* [COLLECTED DATA]:
************

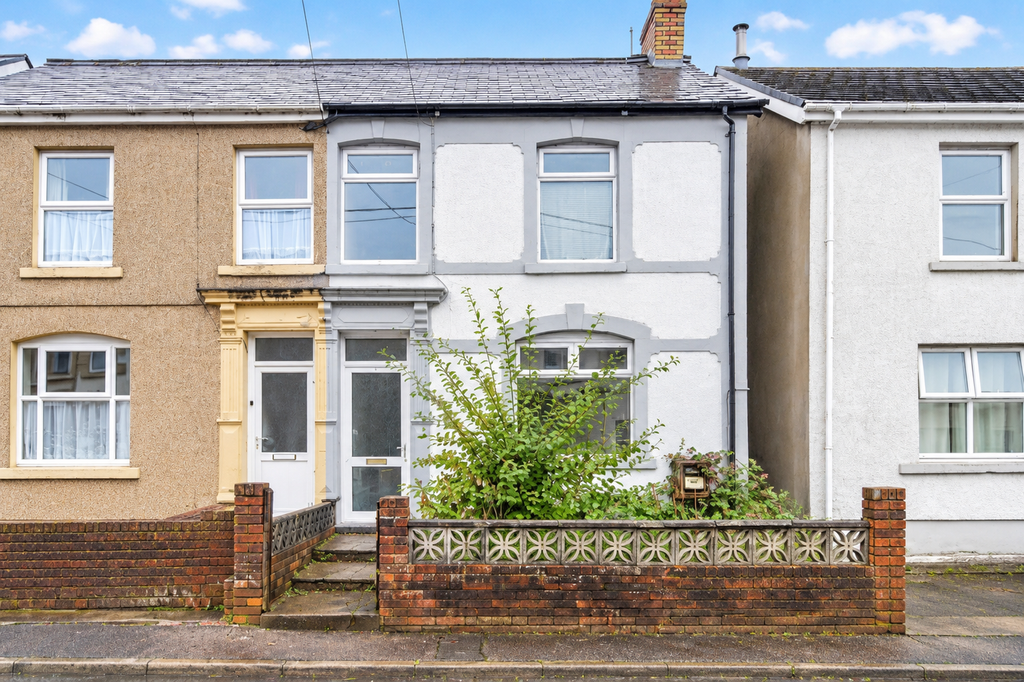 Property photo 1 of 17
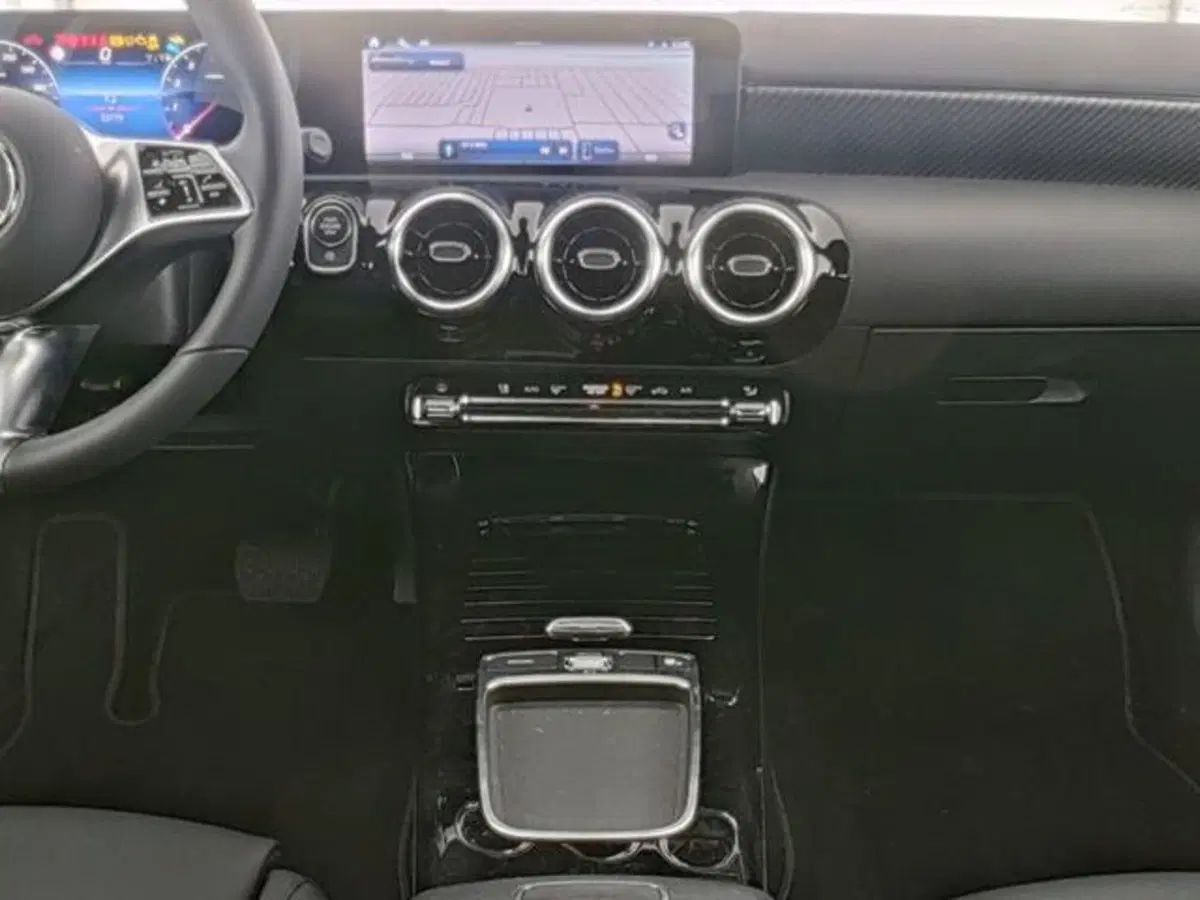 Mercedes-Benz Classe A Sedan usata a Milano (5)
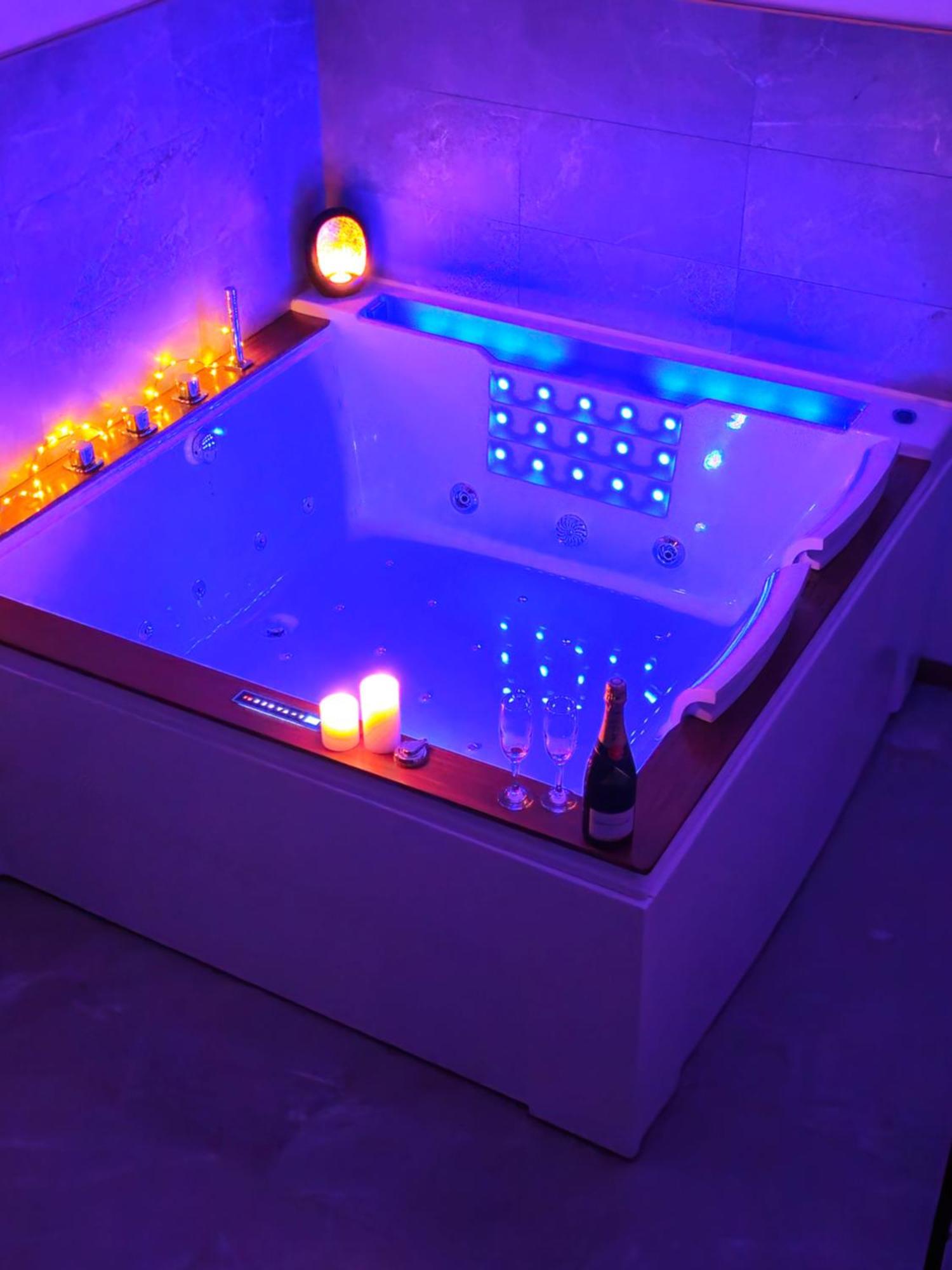 Loft De Luxe Le Chic, Grand Jacuzzi, Vue Port De Plaisance Apartment Saint-Valery-en-Caux Ngoại thất bức ảnh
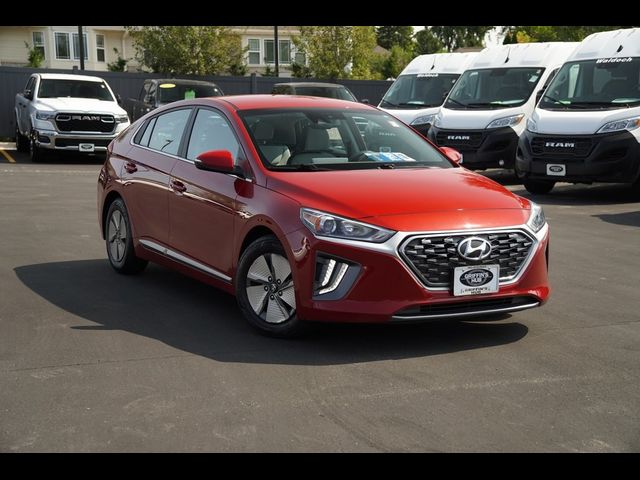 2022 Hyundai Ioniq Hybrid SE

************

* [EXERCISE DIRECTIONS]:
Reproduce the data above without a single change, please, but without its pictures.

* [RESULT]:
 Property photo 1 of 17
 Mercedes-Benz Classe A Sedan usata a Milano (5)
 Loft De Luxe Le Chic, Grand Jacuzzi, Vue Port De Plaisance Apartment Saint-Valery-en-Caux Ngoại thất bức ảnh
 2022 Hyundai Ioniq Hybrid SE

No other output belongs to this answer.